6. The adaptive parameter adjustment system for CNC machine tools based on machining state perception as described in claim 5, characterized in that, The specific components for obtaining the machining stability index of the target CNC machine tool spindle motor include: The instantaneous state vector, the trend state vector, and the frequency domain state vector are combined to form a state feature vector; Construct a state transition matrix based on the state feature vectors; Based on the state transition matrix, the state feature vector of the previous time step is predicted to obtain the predicted state vector; Error extraction is performed using the state feature vector and the predicted state vector to obtain the predicted difference vector; Based on the predicted difference vector and the predicted state vector, the state features are corrected to obtain the corrected state vector; Numerical fusion is performed based on the corrected state vector to obtain the machining stability index of the target CNC machine tool spindle motor.
7. The adaptive parameter adjustment system for CNC machine tools based on machining state perception as described in claim 1, characterized in that, The machining stability index is used to quantitatively characterize the overall stability level of the spindle motor of the target CNC machine tool under the current machining state.
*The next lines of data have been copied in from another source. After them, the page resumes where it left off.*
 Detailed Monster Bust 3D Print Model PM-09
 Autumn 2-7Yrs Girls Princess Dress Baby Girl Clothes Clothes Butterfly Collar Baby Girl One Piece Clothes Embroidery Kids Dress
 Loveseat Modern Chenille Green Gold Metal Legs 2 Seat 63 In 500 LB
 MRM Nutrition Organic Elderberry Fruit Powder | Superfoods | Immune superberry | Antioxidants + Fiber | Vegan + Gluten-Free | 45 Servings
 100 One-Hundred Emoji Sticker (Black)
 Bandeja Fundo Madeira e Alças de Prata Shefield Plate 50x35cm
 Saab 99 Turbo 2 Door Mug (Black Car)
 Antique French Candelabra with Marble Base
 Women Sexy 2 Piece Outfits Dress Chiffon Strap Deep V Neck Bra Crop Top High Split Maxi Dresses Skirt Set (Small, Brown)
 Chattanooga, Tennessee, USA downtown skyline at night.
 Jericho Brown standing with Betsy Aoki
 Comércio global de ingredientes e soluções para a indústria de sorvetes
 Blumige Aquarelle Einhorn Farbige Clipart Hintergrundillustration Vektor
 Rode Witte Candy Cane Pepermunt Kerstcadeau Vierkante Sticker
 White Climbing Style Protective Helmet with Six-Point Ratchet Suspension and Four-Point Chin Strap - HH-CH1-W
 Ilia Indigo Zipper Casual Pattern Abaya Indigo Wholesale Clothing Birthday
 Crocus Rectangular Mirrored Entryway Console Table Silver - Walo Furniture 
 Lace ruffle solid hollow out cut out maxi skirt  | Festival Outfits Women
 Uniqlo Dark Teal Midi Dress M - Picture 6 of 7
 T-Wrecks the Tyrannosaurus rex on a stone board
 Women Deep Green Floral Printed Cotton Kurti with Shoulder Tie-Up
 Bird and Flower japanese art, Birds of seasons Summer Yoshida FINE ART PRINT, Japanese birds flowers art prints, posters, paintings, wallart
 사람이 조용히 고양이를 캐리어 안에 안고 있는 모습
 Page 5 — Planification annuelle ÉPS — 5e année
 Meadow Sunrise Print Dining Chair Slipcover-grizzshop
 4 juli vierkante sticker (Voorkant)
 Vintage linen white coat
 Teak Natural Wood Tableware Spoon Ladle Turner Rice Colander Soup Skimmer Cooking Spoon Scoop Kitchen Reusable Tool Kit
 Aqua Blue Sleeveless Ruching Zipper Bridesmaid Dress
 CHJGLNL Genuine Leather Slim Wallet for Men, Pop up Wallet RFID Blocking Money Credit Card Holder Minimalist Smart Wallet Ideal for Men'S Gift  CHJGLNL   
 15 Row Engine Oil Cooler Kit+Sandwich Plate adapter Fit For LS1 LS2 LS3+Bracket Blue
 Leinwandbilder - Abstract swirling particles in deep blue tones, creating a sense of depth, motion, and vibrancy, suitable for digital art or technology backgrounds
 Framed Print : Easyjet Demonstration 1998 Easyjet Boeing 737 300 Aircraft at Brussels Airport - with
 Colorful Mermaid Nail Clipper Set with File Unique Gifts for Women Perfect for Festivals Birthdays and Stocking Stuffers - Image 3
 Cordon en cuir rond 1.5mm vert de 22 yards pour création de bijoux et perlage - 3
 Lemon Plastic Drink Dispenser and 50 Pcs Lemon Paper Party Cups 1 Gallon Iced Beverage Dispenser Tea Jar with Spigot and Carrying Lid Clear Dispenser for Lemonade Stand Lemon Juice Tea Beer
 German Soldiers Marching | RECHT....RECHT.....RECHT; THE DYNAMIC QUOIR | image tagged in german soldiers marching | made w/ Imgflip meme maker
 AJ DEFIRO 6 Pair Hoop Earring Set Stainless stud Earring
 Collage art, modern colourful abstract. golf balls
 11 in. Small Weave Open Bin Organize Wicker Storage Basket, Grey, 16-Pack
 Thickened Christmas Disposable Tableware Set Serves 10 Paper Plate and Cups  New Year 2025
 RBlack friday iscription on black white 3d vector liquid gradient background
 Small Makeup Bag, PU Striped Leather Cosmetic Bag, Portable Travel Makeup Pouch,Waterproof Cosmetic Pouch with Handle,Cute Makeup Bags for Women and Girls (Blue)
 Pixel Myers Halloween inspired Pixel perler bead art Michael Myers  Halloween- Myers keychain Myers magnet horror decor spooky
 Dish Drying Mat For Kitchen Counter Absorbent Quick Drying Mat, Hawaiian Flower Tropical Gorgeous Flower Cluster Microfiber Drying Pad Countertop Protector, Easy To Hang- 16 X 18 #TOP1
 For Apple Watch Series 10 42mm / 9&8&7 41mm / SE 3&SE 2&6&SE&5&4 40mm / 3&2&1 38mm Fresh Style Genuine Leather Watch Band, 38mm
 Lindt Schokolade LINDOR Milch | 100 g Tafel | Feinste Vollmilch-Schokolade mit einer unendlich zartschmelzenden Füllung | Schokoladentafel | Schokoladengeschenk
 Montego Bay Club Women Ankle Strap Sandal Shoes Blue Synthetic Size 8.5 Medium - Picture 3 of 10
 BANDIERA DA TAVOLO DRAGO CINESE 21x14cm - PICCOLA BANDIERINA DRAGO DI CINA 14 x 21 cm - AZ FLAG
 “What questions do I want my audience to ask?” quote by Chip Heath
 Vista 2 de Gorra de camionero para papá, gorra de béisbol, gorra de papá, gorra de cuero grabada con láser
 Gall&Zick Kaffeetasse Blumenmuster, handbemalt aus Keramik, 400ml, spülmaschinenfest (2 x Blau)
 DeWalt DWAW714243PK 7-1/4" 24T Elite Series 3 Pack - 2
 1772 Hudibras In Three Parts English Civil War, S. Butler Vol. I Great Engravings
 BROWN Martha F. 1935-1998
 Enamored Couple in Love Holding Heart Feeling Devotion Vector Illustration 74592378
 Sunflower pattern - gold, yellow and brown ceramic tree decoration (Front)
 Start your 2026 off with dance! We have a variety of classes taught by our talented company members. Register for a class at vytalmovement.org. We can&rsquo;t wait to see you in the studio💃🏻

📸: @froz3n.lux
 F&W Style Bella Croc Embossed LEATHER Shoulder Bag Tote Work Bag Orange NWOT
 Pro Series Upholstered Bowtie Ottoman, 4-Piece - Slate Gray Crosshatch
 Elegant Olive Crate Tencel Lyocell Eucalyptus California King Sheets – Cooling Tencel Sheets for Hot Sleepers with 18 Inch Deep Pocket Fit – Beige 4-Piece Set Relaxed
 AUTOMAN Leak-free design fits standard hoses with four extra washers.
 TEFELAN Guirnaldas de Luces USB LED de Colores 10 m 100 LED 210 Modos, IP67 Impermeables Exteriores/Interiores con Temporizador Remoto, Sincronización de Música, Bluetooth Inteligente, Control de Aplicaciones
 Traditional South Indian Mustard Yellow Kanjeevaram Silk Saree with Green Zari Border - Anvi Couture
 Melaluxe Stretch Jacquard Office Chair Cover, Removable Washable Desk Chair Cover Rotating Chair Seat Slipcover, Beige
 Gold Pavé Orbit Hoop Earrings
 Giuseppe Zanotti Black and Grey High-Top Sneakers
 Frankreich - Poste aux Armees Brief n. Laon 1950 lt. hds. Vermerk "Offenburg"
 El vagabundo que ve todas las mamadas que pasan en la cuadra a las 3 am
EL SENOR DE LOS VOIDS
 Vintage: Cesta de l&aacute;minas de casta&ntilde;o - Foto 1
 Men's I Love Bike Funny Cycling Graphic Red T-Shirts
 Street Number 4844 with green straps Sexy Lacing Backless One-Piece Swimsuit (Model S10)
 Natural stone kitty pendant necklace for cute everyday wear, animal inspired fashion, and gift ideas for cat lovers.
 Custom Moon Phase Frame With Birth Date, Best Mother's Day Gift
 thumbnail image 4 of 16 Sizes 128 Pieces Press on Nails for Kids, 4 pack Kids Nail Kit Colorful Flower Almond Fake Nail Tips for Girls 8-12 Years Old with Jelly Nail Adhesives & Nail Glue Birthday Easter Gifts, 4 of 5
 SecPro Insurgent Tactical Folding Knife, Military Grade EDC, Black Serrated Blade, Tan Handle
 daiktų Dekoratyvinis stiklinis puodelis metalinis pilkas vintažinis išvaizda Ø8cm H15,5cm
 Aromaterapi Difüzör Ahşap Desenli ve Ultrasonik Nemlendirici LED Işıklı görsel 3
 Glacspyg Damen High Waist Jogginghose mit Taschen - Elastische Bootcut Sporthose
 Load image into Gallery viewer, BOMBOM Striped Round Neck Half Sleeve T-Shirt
8. The adaptive parameter adjustment system for CNC machine tools based on machining state perception as described in claim 1, characterized in that, Based on the processing information and the processing stability index, a forward-looking decision is made to generate a set of parameter adjustment instructions for adjusting subsequent processing paths, specifically including: The machining stability index is adjusted and mapped to obtain the reference speed adjustment amount; The influence coefficient of each path is determined based on the processing information. The corresponding forward speed adjustment is determined based on the reference speed adjustment and the influence coefficients of each path. A set of parameter adjustment instructions for adjusting subsequent machining paths is generated by adjusting various forward rotation speeds.
9. The adaptive parameter adjustment system for CNC machine tools based on machining state perception as described in claim 1, characterized in that, The process of smoothly coupling the parameter adjustment instruction set with the original path planning instructions of the target CNC machine tool to generate the motion control instruction set for the spindle motor of the target CNC machine tool specifically includes: Align the parameter adjustment instruction set with the original path planning instruction to obtain each adjusted path segment; The speed curve of the parameter adjustment instruction set is smoothed to obtain each real-time adjustable speed; The motion control instruction set for the target CNC machine tool spindle motor is generated based on each adjustment path segment and the corresponding real-time adjustment speed.
10. The adaptive parameter adjustment system for CNC machine tools based on machining state perception as described in claim 1, characterized in that, The motion control command set includes: each adjustment path segment and its corresponding real-time adjustment speed.